Like many chains, The Container Store was seeking out a better store employee communication tool in large part to keep up with smartphone-enabled consumers.
"Our initial reaction was to buy a bunch of devices," said John Thrailkill, the VP of store metrics and systems, customer support, and business development. "But the reality is, we needed to look at employee communication holistically. … What we really wanted was something that would pull together phones, walkie talkies, and mobile devices for employees."
But it had to be easy and intuitive to use, something that enabled "heads up conversations, not heads down at screens."
With walkie talkies, one employee looking for another within the store had to broadcast the request to all employees, the retailer found. Continually monitoring relevant and irrelevant messages was found to be draining for the store’s staff.

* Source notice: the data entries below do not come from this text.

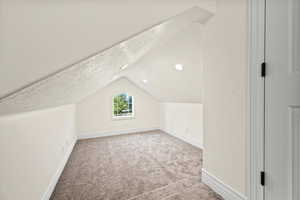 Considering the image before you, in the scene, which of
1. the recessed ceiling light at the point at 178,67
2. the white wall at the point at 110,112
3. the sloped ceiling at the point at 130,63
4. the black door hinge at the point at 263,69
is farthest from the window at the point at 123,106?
the black door hinge at the point at 263,69

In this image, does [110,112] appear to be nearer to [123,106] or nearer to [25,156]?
[123,106]

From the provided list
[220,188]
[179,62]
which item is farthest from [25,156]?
[179,62]

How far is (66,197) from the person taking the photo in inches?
63.1

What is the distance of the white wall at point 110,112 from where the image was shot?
4.31 metres

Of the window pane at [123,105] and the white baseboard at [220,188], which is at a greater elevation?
the window pane at [123,105]

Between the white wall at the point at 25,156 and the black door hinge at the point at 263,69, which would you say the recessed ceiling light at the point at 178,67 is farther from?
the white wall at the point at 25,156

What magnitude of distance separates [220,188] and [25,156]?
1776mm

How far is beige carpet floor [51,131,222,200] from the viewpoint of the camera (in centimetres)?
161

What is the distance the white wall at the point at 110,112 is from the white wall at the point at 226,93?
3383mm

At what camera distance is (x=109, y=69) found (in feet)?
6.38

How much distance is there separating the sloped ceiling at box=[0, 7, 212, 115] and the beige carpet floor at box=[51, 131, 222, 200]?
1040mm

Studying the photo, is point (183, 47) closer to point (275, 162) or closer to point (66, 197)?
point (275, 162)

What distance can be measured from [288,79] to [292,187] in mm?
716

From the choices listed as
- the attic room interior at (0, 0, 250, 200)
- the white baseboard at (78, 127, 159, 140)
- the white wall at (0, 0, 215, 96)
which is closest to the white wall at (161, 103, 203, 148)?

A new solution from Theatro, however, solves that and more by enabling store employees to not only communicate directly but reach across stores through expert groups. For example, if a customer asks a question an employee can’t answer, that person can send a request for help within the store — or could ask, for example, all employees across the chain that have identified themselves as "travel storage experts." Customer service reps within the call center, or even buyers in the corporate office, could also be tapped. "The idea that an employee in Miami could help an employee and a customer in Seattle is really exciting," Mr. Thrailkill said.
The system’s capabilities also enables store managers to create broadcast messages related to "the morning huddle," where employees learn about important things going on in the store that day. Relying on voice mail as a way to disseminate this information, especially when coming from corporate to stores, has been a particular challenge for part-time employees.
Described by Mr. Thrailkill as "Siri without the phone," the WiFi-enabled solution is run and managed over a ridiculously simple device, armed with a couple of buttons and a jack for a headset.
As the retailer adds the cross-store communication function across its store network, they will be particularly interested in seeing the wider impact store employees have — in the time they spend helping not just customers, and not just other employees in their own store, but how they contribute to the retailer as a whole.
As consumers become better armed with information, being able to make every store employee as well-informed as your best employee on any topic is going to be an important differentiator.
What should be top-of-mind when retailers are considering employee communication and collaboration tools? How would you rate the potential benefits and complications involved in enabling store employee communication across stores and departments?